Monday, June 14, 2010

Wine in a Box: Getting Past Our Fears

I wrote a lot last week about high-end and older wines, which, when the bottles are stored properly and aged for the right amount of time, can be among the great pleasures of the palate. But that doesn’t mean that there aren't significant pleasures to be derived from wines intended to be enjoyed with far less fanfare. This time of year especially, I tend to gravitate toward the easy drinking of simpler, less complex wines.

And sometimes, those wines come in a box.

Now, I know what you’re thinking: Boxed wine?!?!

Yes: Boxed wine. Because just like bottles sealed with screw caps, wine-in-a-box is no longer a guarantee of something you wouldn't want to serve in polite company. In fact, there’s some boxed wine out there that’s quite good.

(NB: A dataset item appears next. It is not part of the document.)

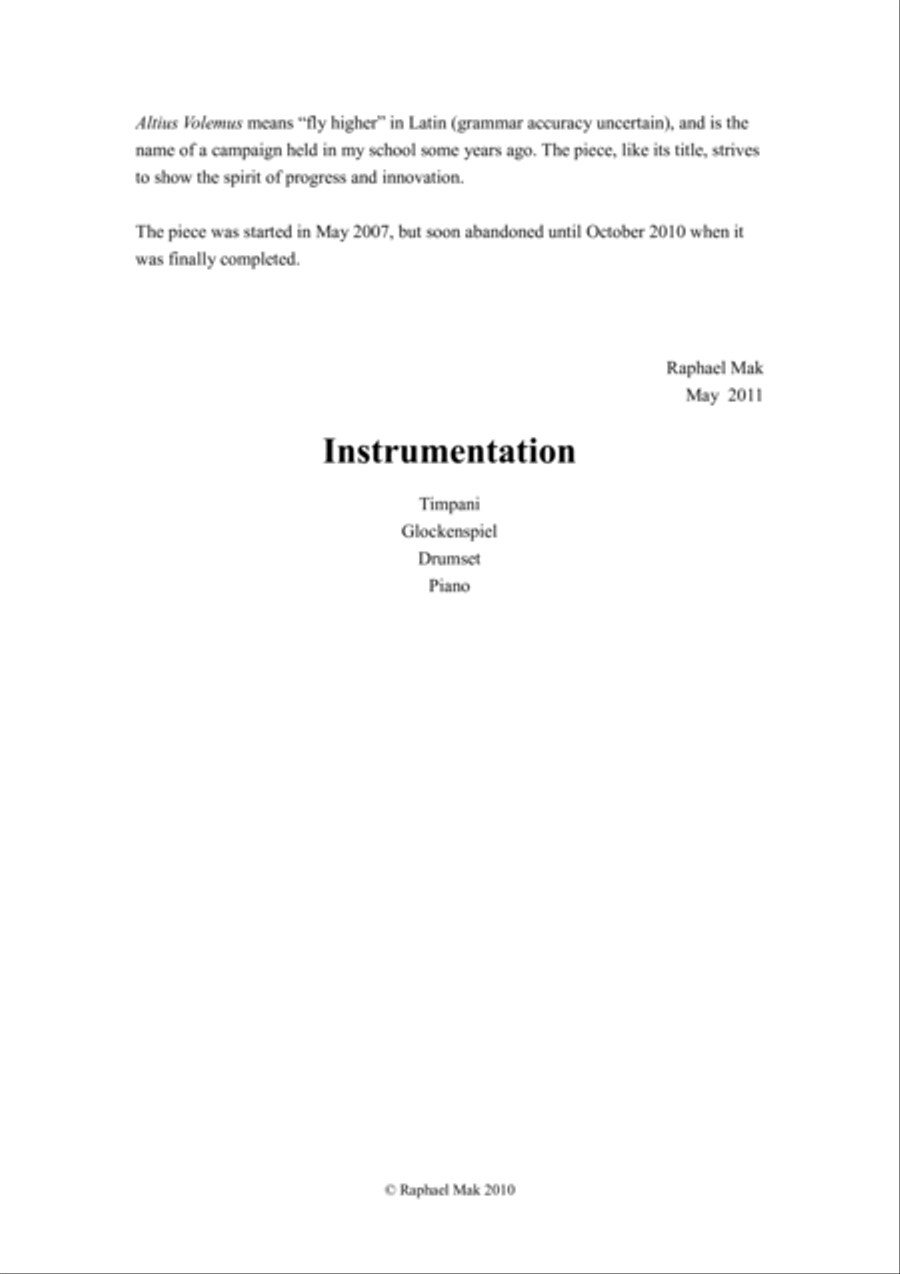 Altius Volemus, op. 16 Percussion Ensemble scores gallery preview page 2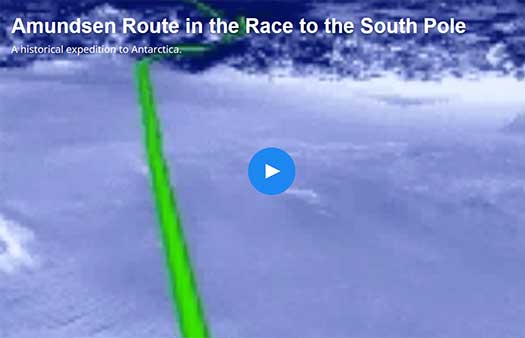 Amundsen Route in the Race to the South Pole, A historical expedition to Antarctica.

Boxes have been making enough in-roads, in fact, that Time Magazine recently ran a piece on them. And while the old-school ones may look “tacky,” as the article notes, “savvy producers are trying to widen their appeal with a second generation of boxes that look a whole lot nicer sitting on a counter or in a fridge for a month and a half.

“This spring,” it continues, “Underdog Wine Merchants unveiled the Octavin Home Wine Bar, an artisanal collection of 10 wines in octagonal cylinders. These containers, which started hitting stores in May, do the impossible — they make box wines sexy. Some of the six winemakers Underdog has partnered with (Monthaven Winery, Silver Birch) look classy and expensive in their cylinders. Others (Big House, Boho Vineyards) are cute, almost flirty.”

The trick now is to convince consumers that not all wine is meant to convey a sense of prestige. In the end, it’s intended to be enjoyed. And if that means that some of it comes from a box, then so much the better: It’s about time we all took a step back and focused more on what really matters: The juice itself.

No matter what kind of container it comes in.